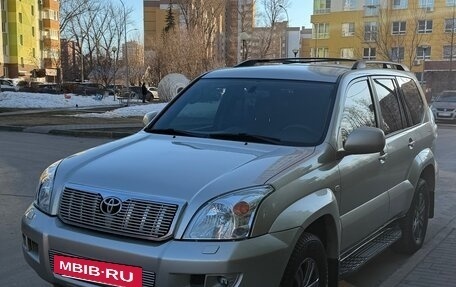 Toyota Land Cruiser Prado 120 рестайлинг, 2006 год, 2 300 000 рублей, 2 фотография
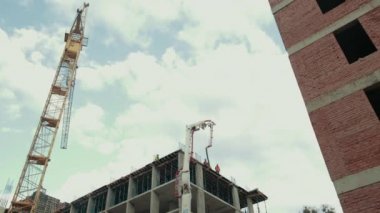 İşçiler ve makineler çok işbirliği içinde çalışıyorlar..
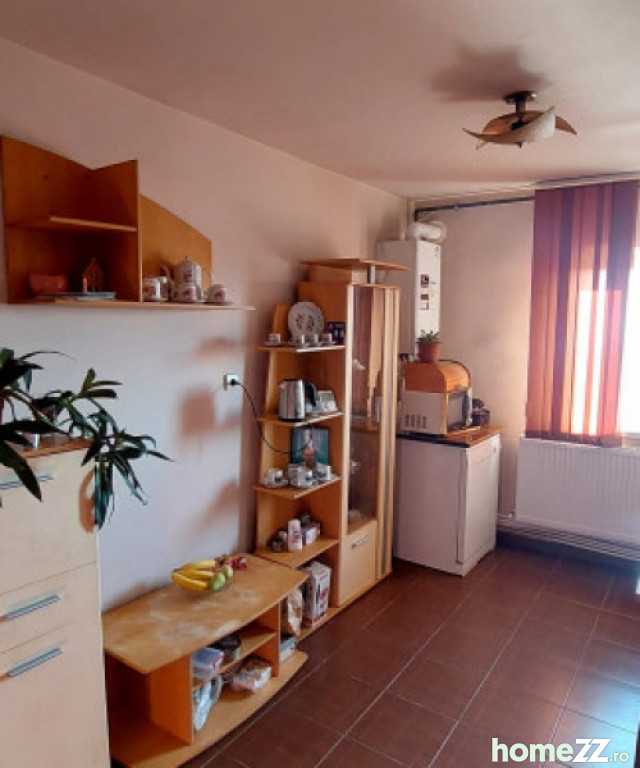 Apartament 3 camere, CET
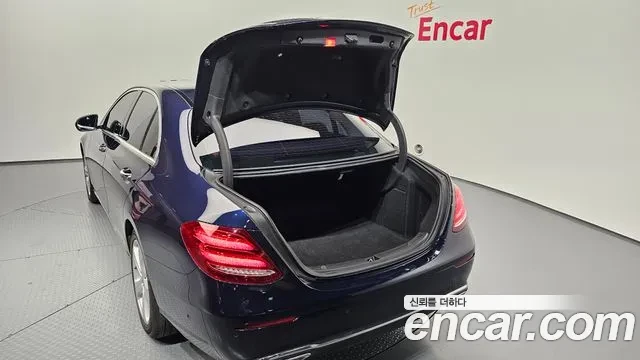 Mercedes-Benz E 220 Avantgarde, снимка 5 - Автомобили и джипове - 53965442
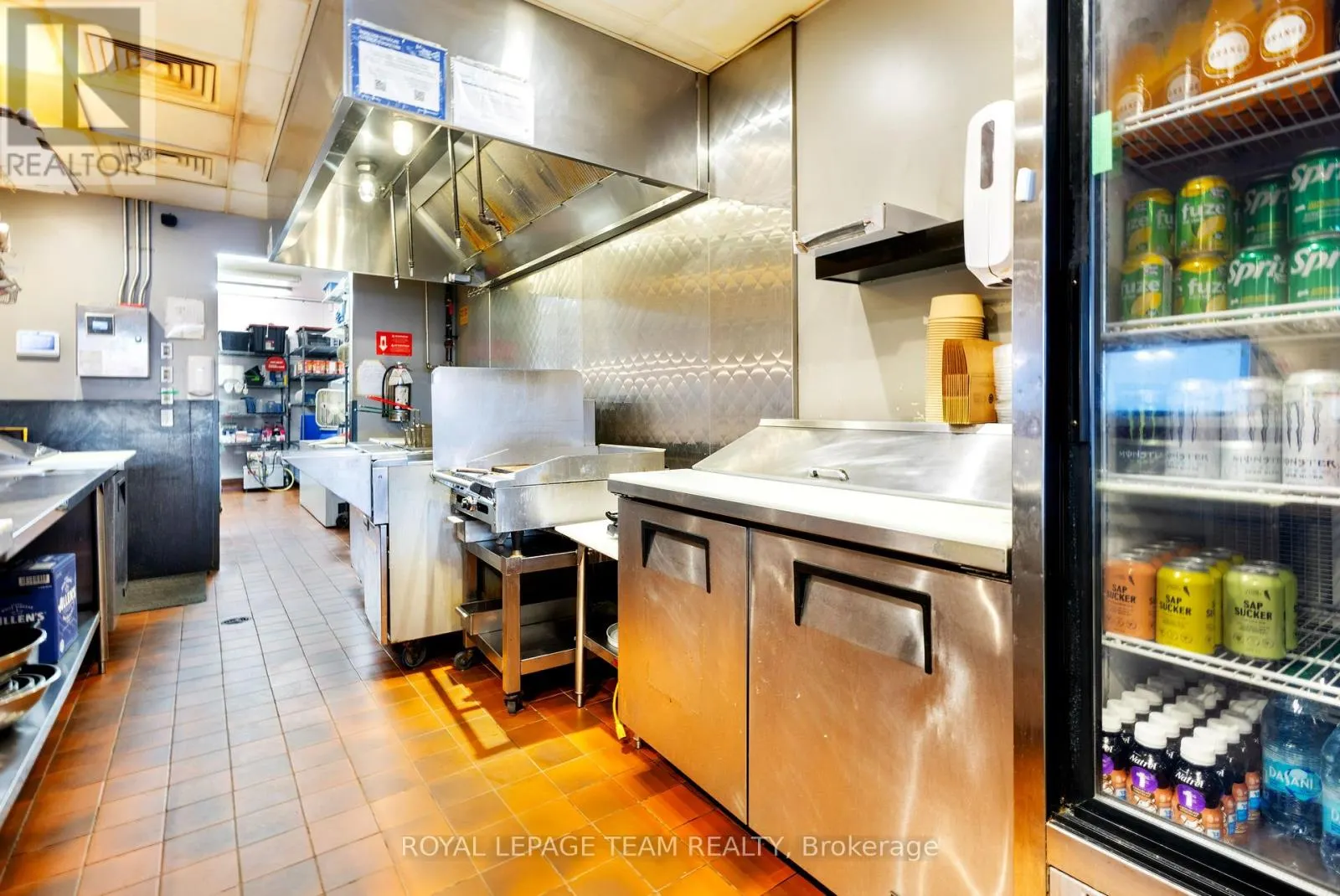 #7 - 484 HAZELDEAN ROAD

----

▶ **How to complete this task**
Reproduce exactly, with nothing added, the lines from the line with "Mercedes-Benz E 220" through the end of the entries above; pictures are to be left out.

▶ **Response**
 Mercedes-Benz E 220 Avantgarde, снимка 5 - Автомобили и джипове - 53965442
 #7 - 484 HAZELDEAN ROAD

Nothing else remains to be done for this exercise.